▶ **What to produce**
Using the records below, transcribe word for word the stretch from the line that contains "Room in a share house" through the line that contains "Villagrán Bolaños en", both end lines included, and nothing else.

..............................

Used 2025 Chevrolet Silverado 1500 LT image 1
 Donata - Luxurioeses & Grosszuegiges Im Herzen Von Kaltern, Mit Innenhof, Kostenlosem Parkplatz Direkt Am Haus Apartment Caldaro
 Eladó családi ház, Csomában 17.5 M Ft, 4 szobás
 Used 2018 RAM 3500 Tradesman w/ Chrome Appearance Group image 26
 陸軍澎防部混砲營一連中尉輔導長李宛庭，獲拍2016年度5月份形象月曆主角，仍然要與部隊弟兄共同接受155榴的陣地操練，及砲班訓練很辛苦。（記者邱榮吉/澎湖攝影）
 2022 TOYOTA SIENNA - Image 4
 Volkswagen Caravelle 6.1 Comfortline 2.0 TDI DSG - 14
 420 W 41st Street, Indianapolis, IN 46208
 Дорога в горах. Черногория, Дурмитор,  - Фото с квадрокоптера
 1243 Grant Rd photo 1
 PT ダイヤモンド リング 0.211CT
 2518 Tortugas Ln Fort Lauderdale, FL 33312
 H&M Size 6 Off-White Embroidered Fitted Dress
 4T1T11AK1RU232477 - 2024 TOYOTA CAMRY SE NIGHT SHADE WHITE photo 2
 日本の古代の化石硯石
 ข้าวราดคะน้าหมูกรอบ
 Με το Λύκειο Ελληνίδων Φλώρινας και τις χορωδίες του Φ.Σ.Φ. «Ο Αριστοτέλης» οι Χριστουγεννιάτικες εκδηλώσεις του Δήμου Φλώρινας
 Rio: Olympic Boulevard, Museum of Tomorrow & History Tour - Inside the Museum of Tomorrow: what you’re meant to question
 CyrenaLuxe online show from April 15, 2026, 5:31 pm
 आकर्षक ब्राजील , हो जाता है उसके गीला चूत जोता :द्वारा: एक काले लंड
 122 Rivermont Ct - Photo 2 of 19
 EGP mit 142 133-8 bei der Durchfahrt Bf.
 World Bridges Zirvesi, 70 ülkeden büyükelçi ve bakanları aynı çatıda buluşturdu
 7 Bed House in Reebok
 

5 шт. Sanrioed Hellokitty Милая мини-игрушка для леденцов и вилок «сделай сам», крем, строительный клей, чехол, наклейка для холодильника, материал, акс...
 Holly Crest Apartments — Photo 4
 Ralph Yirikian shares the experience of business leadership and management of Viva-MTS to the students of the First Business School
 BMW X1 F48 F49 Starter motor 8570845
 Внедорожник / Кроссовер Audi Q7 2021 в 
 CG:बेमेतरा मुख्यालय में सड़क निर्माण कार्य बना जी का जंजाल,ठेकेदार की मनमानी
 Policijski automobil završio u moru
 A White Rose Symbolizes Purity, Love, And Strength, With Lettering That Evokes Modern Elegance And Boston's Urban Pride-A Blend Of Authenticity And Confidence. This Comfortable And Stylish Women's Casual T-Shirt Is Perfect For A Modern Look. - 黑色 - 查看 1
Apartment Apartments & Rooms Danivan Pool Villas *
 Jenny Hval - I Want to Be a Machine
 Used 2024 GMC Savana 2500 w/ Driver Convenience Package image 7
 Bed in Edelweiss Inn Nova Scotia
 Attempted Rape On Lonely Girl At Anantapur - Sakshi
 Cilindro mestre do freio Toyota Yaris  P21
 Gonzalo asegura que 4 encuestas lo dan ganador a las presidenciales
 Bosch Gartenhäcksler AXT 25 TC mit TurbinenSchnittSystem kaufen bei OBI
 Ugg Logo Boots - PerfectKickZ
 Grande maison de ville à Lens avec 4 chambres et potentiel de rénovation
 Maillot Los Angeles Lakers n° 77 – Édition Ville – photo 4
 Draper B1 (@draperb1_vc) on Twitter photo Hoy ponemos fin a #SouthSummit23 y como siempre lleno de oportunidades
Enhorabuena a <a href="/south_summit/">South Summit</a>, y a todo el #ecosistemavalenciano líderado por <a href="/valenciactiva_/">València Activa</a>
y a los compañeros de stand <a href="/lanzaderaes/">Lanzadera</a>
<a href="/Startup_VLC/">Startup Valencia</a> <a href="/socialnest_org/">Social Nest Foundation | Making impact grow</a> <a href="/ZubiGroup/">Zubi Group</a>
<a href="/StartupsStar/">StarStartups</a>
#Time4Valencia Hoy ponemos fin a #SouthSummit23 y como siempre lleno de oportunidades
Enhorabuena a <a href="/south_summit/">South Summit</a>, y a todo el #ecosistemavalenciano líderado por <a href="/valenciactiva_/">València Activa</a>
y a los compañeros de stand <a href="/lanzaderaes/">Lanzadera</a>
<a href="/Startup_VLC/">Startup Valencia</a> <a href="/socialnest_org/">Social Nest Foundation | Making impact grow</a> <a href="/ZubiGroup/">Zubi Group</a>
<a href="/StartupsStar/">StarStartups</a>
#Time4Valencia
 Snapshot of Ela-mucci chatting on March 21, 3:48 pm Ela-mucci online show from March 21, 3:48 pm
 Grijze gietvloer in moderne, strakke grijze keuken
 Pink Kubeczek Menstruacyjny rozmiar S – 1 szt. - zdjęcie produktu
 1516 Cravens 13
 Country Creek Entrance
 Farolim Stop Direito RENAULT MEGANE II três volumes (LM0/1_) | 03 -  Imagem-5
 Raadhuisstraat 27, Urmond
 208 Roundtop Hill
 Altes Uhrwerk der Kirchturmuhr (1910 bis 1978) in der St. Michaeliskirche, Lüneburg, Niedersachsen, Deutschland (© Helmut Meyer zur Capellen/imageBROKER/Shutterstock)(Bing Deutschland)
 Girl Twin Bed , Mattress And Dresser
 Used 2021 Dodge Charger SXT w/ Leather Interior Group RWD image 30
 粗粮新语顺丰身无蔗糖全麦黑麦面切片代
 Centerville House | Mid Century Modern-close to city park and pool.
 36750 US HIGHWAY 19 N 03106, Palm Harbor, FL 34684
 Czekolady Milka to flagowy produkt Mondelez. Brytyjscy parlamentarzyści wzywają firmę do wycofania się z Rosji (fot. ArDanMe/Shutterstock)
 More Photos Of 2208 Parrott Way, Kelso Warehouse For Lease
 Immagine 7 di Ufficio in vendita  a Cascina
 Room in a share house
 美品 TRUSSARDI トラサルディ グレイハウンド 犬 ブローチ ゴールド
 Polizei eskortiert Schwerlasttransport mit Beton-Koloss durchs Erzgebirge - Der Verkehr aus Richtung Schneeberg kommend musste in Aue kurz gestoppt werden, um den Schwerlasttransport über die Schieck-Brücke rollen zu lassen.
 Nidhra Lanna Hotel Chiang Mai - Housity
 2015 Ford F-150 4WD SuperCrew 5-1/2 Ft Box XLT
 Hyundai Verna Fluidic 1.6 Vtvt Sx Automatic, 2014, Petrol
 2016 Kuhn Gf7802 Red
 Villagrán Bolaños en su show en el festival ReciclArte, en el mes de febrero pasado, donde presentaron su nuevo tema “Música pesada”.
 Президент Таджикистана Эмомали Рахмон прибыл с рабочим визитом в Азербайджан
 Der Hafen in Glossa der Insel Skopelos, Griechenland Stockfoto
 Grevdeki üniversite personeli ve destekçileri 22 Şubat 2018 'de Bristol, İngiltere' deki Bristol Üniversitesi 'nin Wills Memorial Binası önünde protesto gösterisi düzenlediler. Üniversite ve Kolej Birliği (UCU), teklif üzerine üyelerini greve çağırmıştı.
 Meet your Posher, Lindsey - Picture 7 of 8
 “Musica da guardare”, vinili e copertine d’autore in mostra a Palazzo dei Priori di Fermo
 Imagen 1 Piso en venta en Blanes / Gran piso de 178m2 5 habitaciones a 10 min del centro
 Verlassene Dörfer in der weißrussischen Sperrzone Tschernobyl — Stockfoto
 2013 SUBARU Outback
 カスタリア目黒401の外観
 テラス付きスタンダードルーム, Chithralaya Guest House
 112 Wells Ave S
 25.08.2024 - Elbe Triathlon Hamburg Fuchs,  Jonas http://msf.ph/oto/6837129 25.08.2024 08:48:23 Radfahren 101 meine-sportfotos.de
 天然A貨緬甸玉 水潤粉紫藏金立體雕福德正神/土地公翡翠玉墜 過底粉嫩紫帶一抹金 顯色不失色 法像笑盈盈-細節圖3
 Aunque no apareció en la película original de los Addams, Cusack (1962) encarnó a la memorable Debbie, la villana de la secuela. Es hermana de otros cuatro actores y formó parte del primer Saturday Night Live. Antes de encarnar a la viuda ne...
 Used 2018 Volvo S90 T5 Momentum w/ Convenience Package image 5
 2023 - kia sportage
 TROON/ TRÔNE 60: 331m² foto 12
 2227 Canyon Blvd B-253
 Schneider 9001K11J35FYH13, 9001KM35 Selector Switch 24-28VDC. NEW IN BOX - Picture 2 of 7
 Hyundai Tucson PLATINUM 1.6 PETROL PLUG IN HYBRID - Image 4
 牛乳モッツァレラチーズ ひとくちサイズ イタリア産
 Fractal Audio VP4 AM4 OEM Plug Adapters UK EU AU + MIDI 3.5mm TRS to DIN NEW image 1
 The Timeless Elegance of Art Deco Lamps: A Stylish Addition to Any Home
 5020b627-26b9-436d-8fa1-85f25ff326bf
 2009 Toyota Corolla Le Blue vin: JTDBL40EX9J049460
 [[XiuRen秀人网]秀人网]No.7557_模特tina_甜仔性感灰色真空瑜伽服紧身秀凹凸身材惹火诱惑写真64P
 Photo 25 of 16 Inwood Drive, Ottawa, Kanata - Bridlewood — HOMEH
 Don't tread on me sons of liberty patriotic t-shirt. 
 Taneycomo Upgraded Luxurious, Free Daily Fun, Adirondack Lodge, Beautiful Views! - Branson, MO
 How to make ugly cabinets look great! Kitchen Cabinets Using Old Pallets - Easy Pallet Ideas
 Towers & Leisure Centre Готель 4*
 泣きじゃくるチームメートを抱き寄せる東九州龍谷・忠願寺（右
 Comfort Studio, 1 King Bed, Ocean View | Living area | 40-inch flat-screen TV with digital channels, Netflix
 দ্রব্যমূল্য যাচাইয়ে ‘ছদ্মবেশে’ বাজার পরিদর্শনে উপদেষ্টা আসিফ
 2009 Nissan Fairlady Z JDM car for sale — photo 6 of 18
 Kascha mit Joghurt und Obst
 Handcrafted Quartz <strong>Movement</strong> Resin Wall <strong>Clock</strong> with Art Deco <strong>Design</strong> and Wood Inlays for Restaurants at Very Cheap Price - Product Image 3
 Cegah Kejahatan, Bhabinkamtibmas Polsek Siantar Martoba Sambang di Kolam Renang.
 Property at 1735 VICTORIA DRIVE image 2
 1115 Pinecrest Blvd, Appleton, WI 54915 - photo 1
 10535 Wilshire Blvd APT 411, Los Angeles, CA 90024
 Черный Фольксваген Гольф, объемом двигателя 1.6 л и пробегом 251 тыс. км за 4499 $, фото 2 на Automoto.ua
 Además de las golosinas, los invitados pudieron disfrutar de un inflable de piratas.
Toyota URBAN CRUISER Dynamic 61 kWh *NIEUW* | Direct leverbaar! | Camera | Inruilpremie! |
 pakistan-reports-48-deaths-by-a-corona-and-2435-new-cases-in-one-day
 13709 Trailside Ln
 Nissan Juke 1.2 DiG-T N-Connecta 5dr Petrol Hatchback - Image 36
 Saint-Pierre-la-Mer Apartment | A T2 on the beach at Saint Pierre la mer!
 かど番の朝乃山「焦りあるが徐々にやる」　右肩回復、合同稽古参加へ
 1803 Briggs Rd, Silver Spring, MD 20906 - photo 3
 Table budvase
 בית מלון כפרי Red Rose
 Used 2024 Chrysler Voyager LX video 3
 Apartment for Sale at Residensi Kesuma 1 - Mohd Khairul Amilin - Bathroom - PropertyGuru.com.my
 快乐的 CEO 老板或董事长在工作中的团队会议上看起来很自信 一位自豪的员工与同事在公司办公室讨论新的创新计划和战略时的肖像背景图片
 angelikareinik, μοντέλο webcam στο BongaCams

..............................

▶ **Answer to this problem**
 Room in a share house
 美品 TRUSSARDI トラサルディ グレイハウンド 犬 ブローチ ゴールド
 Polizei eskortiert Schwerlasttransport mit Beton-Koloss durchs Erzgebirge - Der Verkehr aus Richtung Schneeberg kommend musste in Aue kurz gestoppt werden, um den Schwerlasttransport über die Schieck-Brücke rollen zu lassen.
 Nidhra Lanna Hotel Chiang Mai - Housity
 2015 Ford F-150 4WD SuperCrew 5-1/2 Ft Box XLT
 Hyundai Verna Fluidic 1.6 Vtvt Sx Automatic, 2014, Petrol
 2016 Kuhn Gf7802 Red
 Villagrán Bolaños en su show en el festival ReciclArte, en el mes de febrero pasado, donde presentaron su nuevo tema “Música pesada”.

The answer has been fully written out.